WORK ORDER >> Copy out the data word for word, without any of its pictures.

[Items from a dataset]

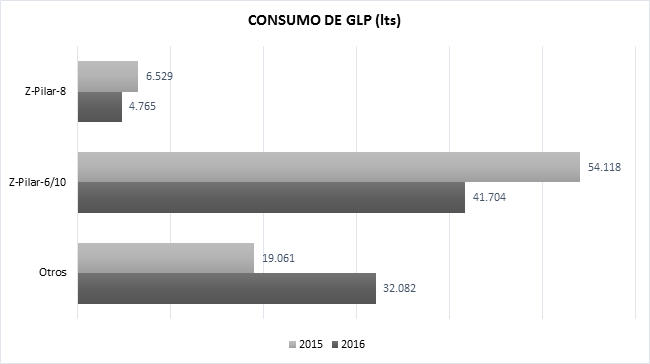 Consumo de GLP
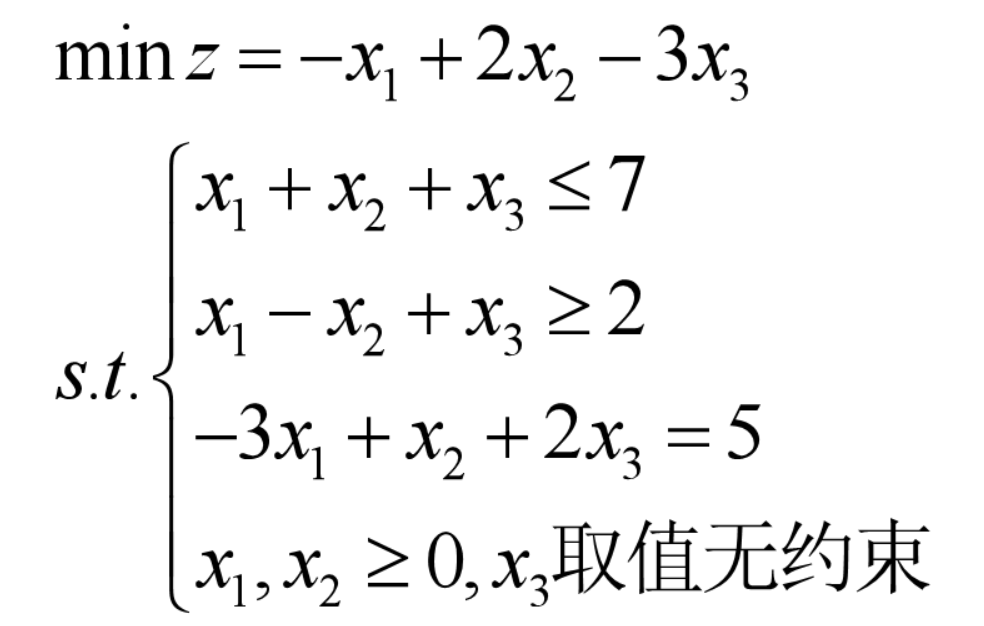 Python simplex method to solve linear programming problems - Programmer ...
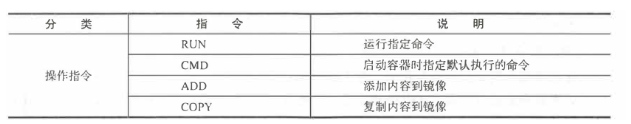 Docker连接mongodb实现过程及代码案例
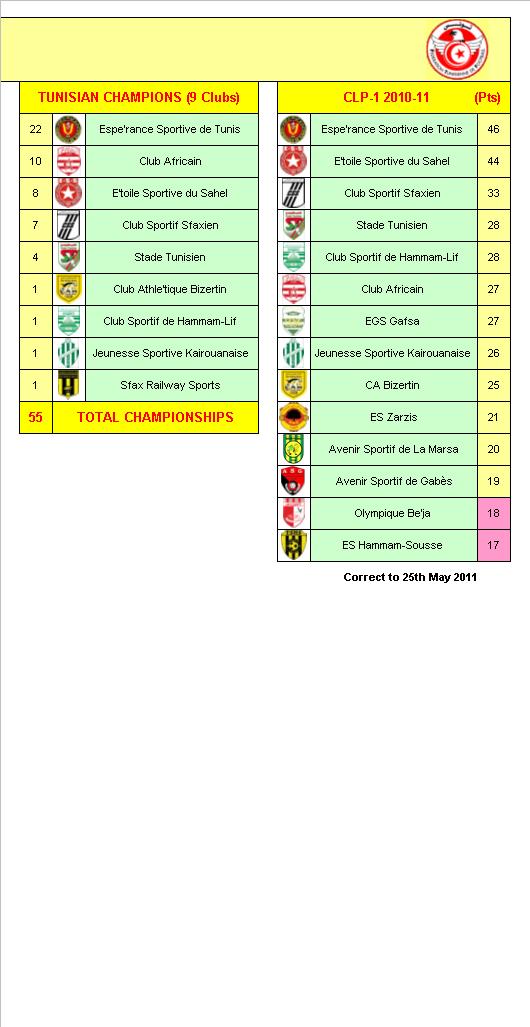 Tunisian Football League Champions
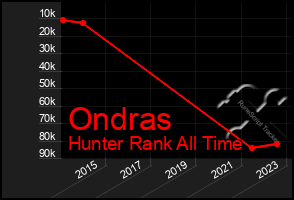 Total Graph of Ondras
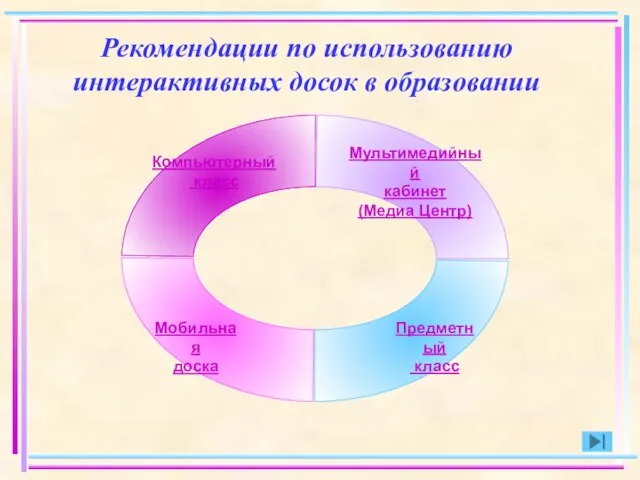 Рекомендации по использованию интерактивных досок в образовании Компьютерный класс Мультимедийный кабинет (Медиа Центр)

RESULT >>
 Consumo de GLP
 Python simplex method to solve linear programming problems - Programmer ...
 Docker连接mongodb实现过程及代码案例
 Tunisian Football League Champions
 Total Graph of Ondras
 Рекомендации по использованию интерактивных досок в образовании Компьютерный класс Мультимедийный кабинет (Медиа Центр)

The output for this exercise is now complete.